The birth of a litter of puppies or kittens is certainly a miracle to behold. But it’s time for a reality check - there are simply not enough homes for all the puppies and kittens being born. As a responsible owner, it is your duty to show true compassion for your dog or cat by having your pet spayed (for females) or neutered (for males) before 6 months of age.
There are people who would give you all kinds of reasons why you should not alter your pets and even quote medical research to back up their claims. But, if you look closely, you will find that the “research” is not accepted by the major canine health professional bodies in the world. Some of the myths surrounding spaying and neutering are:
MYTH: My dog is a purebred.
FACT: Many dogs abandoned in the street or turned in to animal shelters around the country are purebred. There are just too many dogs bred, both mixed breed and purebred.
MYTH: My dog will not be protective if I neuter him.
FACT: A dog’s natural instinct to protect his home and family is not affected by spaying or neutering.
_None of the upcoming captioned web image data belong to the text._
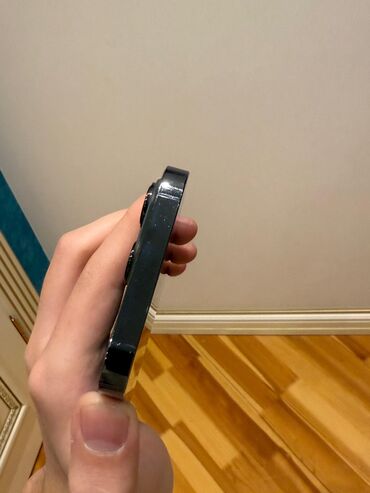 Apple iPhone: IPhone 13 Pro, 128 GB, Alpine Green, Face ID — 8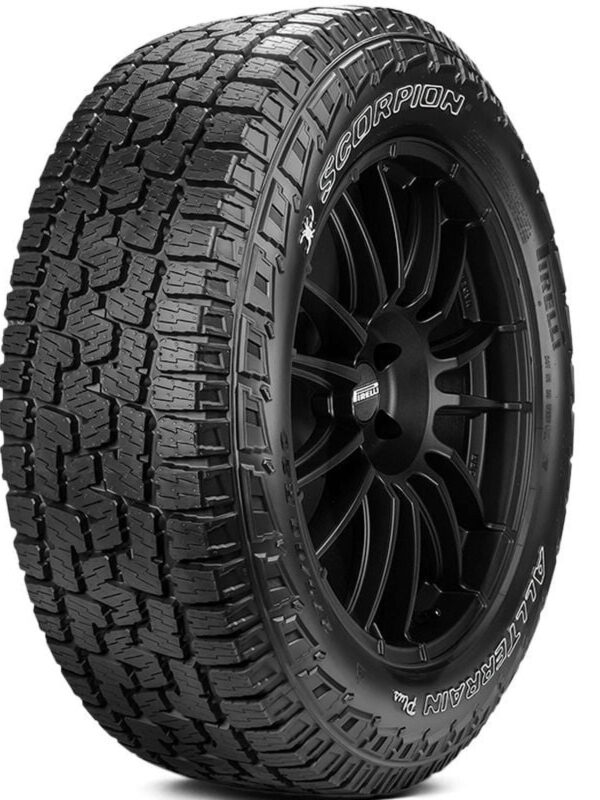 Pirelli Scorpion All Terrain Plus All Terrain 275/60R20 115T Light Truck Tire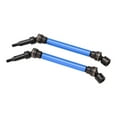 thumbnail image 2 of Front And Rear Driveshaft, Stable Front Rear Drive Shaft CVD  For RC Car Red,Dark Blue,Silver Grey, 2 of 8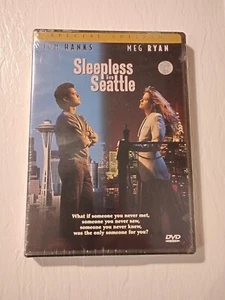Sleepless in Seattle (DVD, 1993) - Picture 1 of 2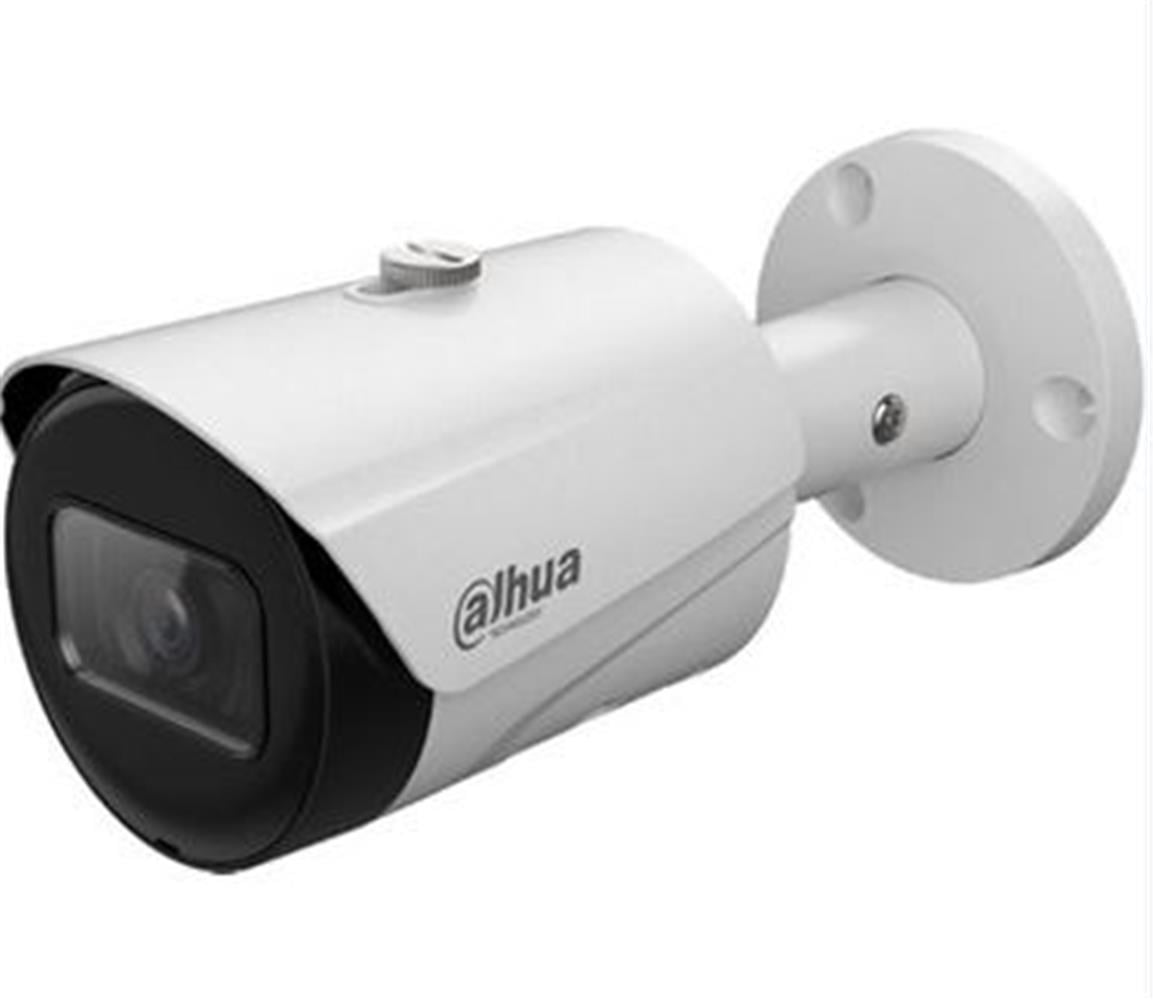 Dahua IPC-HFW1230S-S-0280B-S4 2 MP 2.8mm Lens PoE IP Bullet Kamera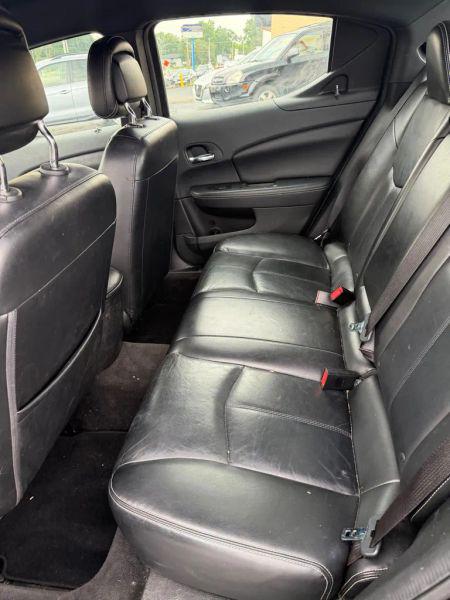 2013 Dodge Avenger SXT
A dog’s personality owes much more to genetics and environment than sex hormones.
MYTH: I don’t want my male dog to feel like less of a male.
FACT: Dogs have no concept of sexual identity or ego and neutering does not change a dog’s basic personality. He doesn’t suffer in any way when neutered.
MYTH: My dog is so special; I want a puppy just like her.
FACT: A professional dog breeder, whose bloodlines stretch back for generations, has no guarantee of getting a particular characteristic from a litter. The dog owner’s chances are even slimmer. In fact, a whole litter of puppies might wind up getting only the worst characteristics of your pet dog and her mate.
MYTH: Spaying and neutering is too expensive.
FACT: The cost of spaying or neutering is based on the age, size, and sex of the dog, your veterinarian’s fees, and other variables. However, spay or neuter surgery is a one-time cost, and if you factor in the many benefits, such as improved health throughout your dog’s lifetime, it is a relatively small charge. It’s a bargain compared to the costs associated with raising a litter of puppies, such as exams for the mother dog, puppy checks and vaccinations, the extra food you need, etc. If complications arise and you need emergency veterinary services, the costs could rise into the thousands. There is also the amount of time you will need to devote to the mother dog and her babies; two months of pregnancy followed by two more months before the puppies are weaned and ready to go to new homes. Most importantly, the price is small when compared to the satisfaction of knowing that you are not contributing to the very real problem of too many dogs and too few homes available for them. You can also check with your local animal welfare organizations. Many of them offer low-cost spay and neuter services.
MYTH: I have good homes available for all of the puppies.
FACT: True, you may have homes for your puppies, but for every home you find, there is one less home available for a shelter dog. Moreover, do you have guarantees that the people who take your puppies will not breed them and thus add even more dogs to the problem? Remember, the dog overpopulation problem is created and perpetuated one litter at a time.